Maybe this draft implementation is way to complicated. @0xOlias Would you be able to measure performance metrics if I implement just max checkpoint selection as a part of the main query? We can progress from there for additional optimizations.

erensanlier commented 3 months ago

With this implementation I couldn't spot any difference in performance for normal size apps. Almost 20x improvement in the query plan I mentioned above.

0xOlias commented 3 months ago

Excellent work, the latest commit makes sense to me - very clever. Thinking through edge case conditions around the max and coalesce operators.

It would also be good to confirm that this works for SQLite.

erensanlier commented 3 months ago

@0xOlias don't really understand why SQLite check fails. Commit with exact same code (cde720333351ca046e7990c8cd04c0522927fd10) passed before.
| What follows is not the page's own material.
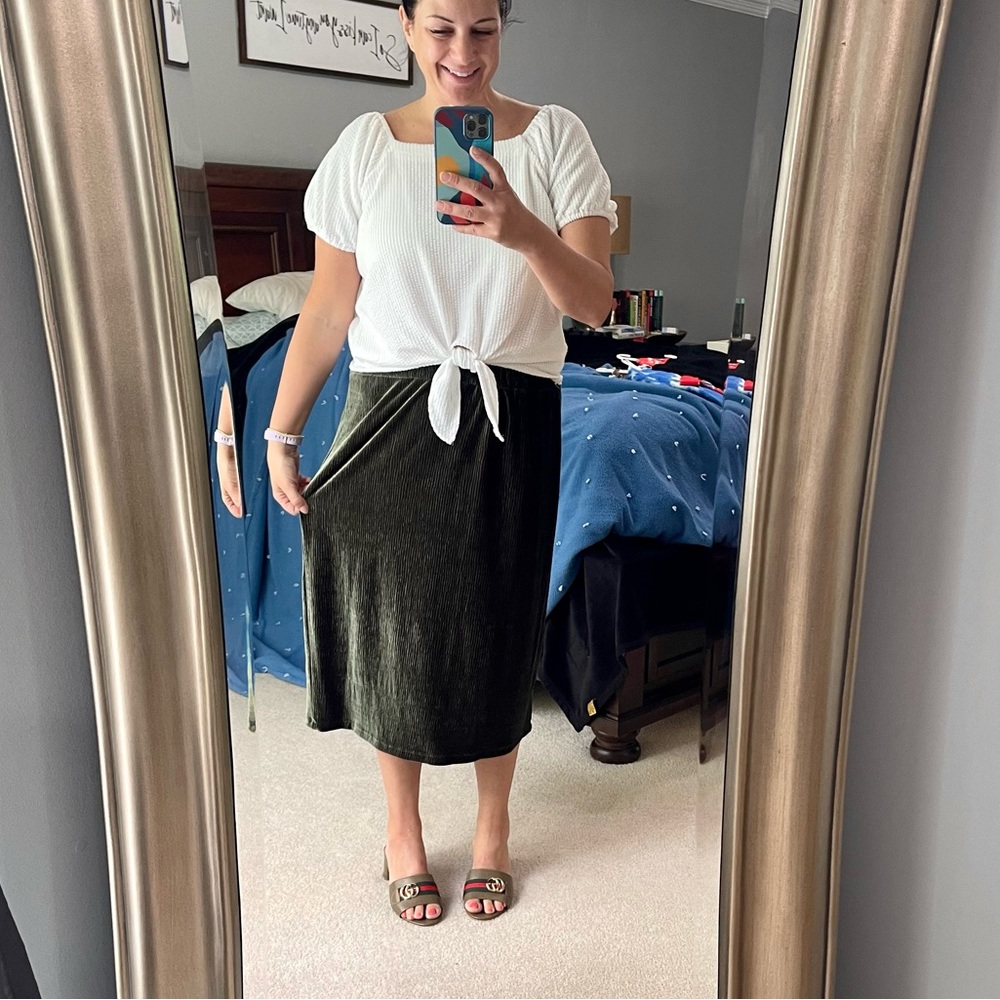 Ribbed Green Who What Wear midi skirt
Would appreciate if you can look into it!

0xOlias commented 3 months ago

Sure, I'll take care of SQLite.

Here's my understanding when using .offset(limit).limit(1) for the log_checkpoints query.
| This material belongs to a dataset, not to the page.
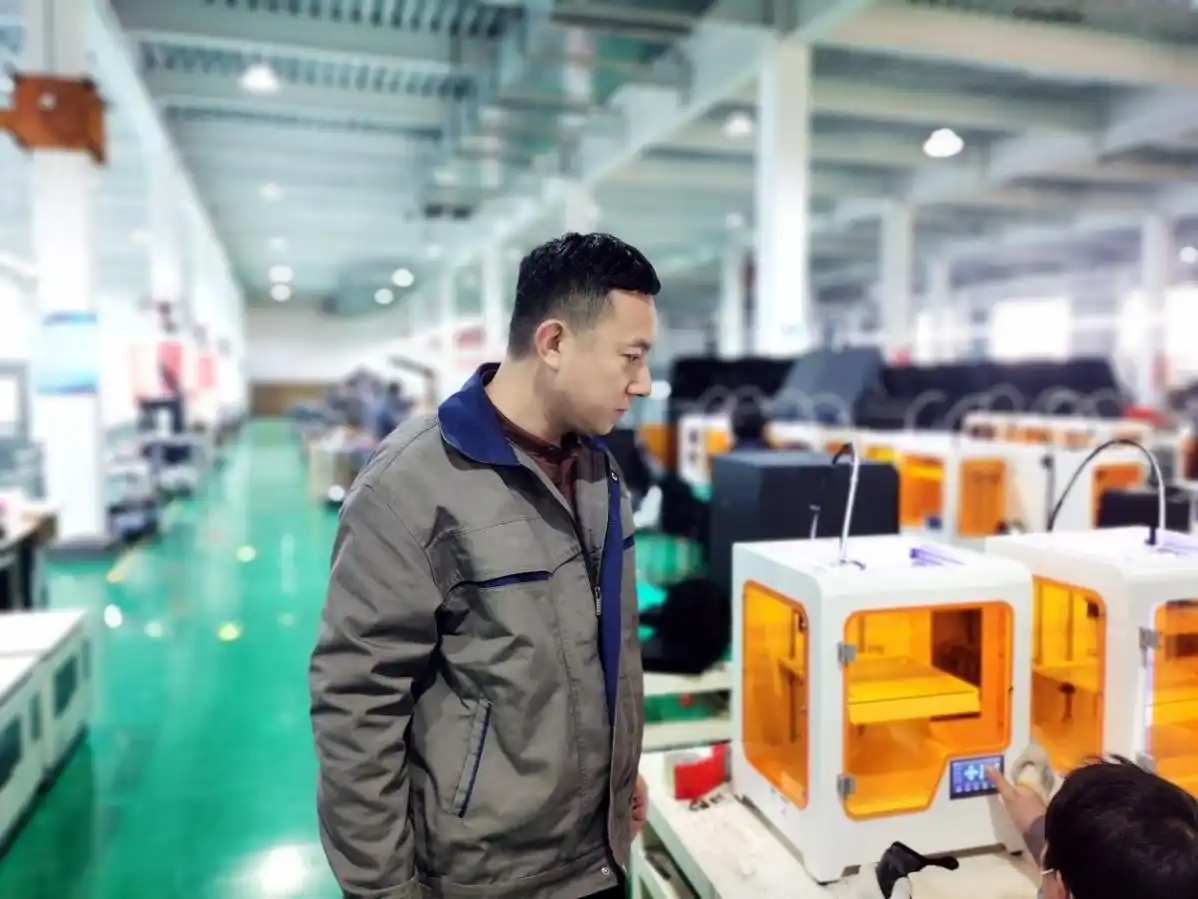 弘瑞:3D打印中的一只“笨鸟”(图5) 北京汇天威弘瑞3D打印自主研发_3d打印fdm技术_弘瑞FDM3D打印技术发展历程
If there are more than limit rows in the logs table that have a checkpoint greater than our fromCheckpoint, the log_checkpoints table will have one row containing the limit + 1th checkpoint. We can safely use this value as an upper bound for the checkpoint in our overall events query.

checkpoint
'1690154387...'

If there are fewer than limit rows in the logs table that have a checkpoint greater than our fromCheckpoint, the log_checkpoints table will have one row containing null. This means that there is no "hint" to be used, so we must fall back to the toCheckpoint in our overall events query.

checkpoint
null

Now, we can apply the same logic for blocks and callTraces. The rule for composing these results is a simple max, excluding nulls (which is the default behavior for SQL max). If all of the hints are null, the max across them will be null, and we must fall back to the toCheckpoint. The coalesce function works great for that logic.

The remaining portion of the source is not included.